[Records to process — start]

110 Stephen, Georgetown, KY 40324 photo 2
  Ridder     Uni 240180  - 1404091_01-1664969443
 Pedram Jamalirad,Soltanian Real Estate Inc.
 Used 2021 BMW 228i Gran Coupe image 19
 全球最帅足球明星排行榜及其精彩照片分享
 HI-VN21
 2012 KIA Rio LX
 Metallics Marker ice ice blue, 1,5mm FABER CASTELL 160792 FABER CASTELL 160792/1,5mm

[Records to process — finish]

▶ [What you will do] Begin with the line that contains "Pedram Jamalirad,Soltanian Real Estate Inc." and end with the last line of the data. Repeat those two lines and all between them exactly.

▶ [Reply to the task]
 Pedram Jamalirad,Soltanian Real Estate Inc.
 Used 2021 BMW 228i Gran Coupe image 19
 全球最帅足球明星排行榜及其精彩照片分享
 HI-VN21
 2012 KIA Rio LX
 Metallics Marker ice ice blue, 1,5mm FABER CASTELL 160792 FABER CASTELL 160792/1,5mm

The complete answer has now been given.